About Tomasz Nurkiewicz

Java EE developer, Scala enthusiast. Enjoying data analysis and visualization. Strongly believes in the power of testing and automation.

WatchService combined with Akka actors

WatchService is a handy class that can notify you about any file system changes (create/update/delete of file) in a given set of directories. It is described nicely in the official documentation so I won’t write another introduction tutorial. Instead we will try to combine it with Akka to provide fully asynchronous, non-blocking file system changes notification mechanism. And we will scale it both to multiple directories and multiple… servers! Just for starters here is a simple, self-descriptive example:
 
 
 
 
 

val watchService = FileSystems.getDefault.newWatchService()
Paths.get("/foo/bar").register(watchService, ENTRY_CREATE, ENTRY_DELETE)
 
while(true) {
    val key = watchService.take()
    key.pollEvents() foreach { event =>
        event.kind() match {
            case ENTRY_CREATE =>    //...
            case ENTRY_DELETE =>    //...
            case x =>
                logger.warn(s"Unknown event $x")
        }
    }
    key.reset()
}

I know java.nio stands for “New I/O” and not for “Non-blocking I/O” but one might expect such a class to work asynchronously. Instead we have to sacrifice one thread, use awkward while(true) loop and block on watchService.take(). Maybe that’s how the underlying operating systems works (luckily WatchService uses native OS API when available)? Doesn’t matter, we have to live with that. Fortunately one WatchService can monitor arbitrary number of paths, thus we need only one thread per whole application, not per directory. So, let’s wrap it up in a Runnable:

class WatchServiceTask2(notifyActor: ActorRef) extends Runnable with Logging {
    private val watchService = FileSystems.getDefault.newWatchService()
 
    def run() {
        try {
            while (!Thread.currentThread().isInterrupted) {
                val key = watchService.take()
                //coming soon...
                key.reset()
            }
        } catch {
            case e: InterruptedException =>
                logger.info("Interrupting, bye!")
        } finally {
            watchService.close()
        }
    }
}

This is the skeletal implementation of any Runnable that waits/blocks I want you to follow. Check Thread.isInterrupted() and escape main loop when InterruptedException occurs.

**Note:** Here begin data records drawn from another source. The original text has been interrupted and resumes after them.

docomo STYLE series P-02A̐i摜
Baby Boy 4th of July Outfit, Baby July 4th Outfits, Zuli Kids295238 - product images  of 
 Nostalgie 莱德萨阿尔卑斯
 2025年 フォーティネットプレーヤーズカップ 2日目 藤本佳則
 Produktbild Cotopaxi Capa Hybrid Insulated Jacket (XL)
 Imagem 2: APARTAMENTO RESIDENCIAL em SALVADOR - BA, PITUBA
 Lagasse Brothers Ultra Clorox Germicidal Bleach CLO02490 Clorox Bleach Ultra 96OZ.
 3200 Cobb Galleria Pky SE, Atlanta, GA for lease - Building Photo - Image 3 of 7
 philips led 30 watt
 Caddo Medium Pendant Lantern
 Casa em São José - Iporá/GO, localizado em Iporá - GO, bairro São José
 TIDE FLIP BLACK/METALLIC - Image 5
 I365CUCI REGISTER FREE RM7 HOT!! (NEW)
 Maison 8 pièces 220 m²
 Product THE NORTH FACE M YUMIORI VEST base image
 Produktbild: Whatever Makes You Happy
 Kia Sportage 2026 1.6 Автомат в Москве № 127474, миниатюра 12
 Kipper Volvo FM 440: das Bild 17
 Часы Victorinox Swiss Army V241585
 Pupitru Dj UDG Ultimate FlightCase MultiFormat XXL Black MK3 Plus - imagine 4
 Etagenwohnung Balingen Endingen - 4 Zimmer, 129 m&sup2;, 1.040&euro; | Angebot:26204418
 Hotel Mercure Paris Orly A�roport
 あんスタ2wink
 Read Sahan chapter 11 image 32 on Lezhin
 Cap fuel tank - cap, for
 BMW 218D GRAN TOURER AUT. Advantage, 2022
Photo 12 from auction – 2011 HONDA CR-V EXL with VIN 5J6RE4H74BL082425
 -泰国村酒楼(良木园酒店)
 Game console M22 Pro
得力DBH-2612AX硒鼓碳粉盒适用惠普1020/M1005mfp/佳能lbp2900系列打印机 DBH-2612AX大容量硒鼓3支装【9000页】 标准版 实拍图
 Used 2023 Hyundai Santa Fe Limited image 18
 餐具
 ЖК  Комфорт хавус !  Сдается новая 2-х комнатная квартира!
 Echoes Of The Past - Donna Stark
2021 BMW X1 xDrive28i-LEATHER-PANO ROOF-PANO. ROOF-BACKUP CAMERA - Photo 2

This way you can later safely shut down your thread by calling Thread.interrupt() without any delay. Two things to notice: we require notifyActor reference in a constructor (will be needed later, I hope you know why) and we don’t monitor any directories, yet. Luckily we can add monitored directories at any time (but we can never remove them afterwards, API limitation?!) There is one issue, however: WatchService only monitors given directory, but not subdirectories (it is not recursive). Fortunately another new kid on the JDK block, Files.walkFileTree(), releases us from tedious recursive algorithm:

def watchRecursively(root: Path) {
    watch(root)
    Files.walkFileTree(root, new SimpleFileVisitor[Path] {
        override def preVisitDirectory(dir: Path, attrs: BasicFileAttributes) = {
            watch(dir)
            FileVisitResult.CONTINUE
        }
    })
}
 
private def watch(path: Path) =
    path.register(watchService, ENTRY_CREATE, ENTRY_DELETE)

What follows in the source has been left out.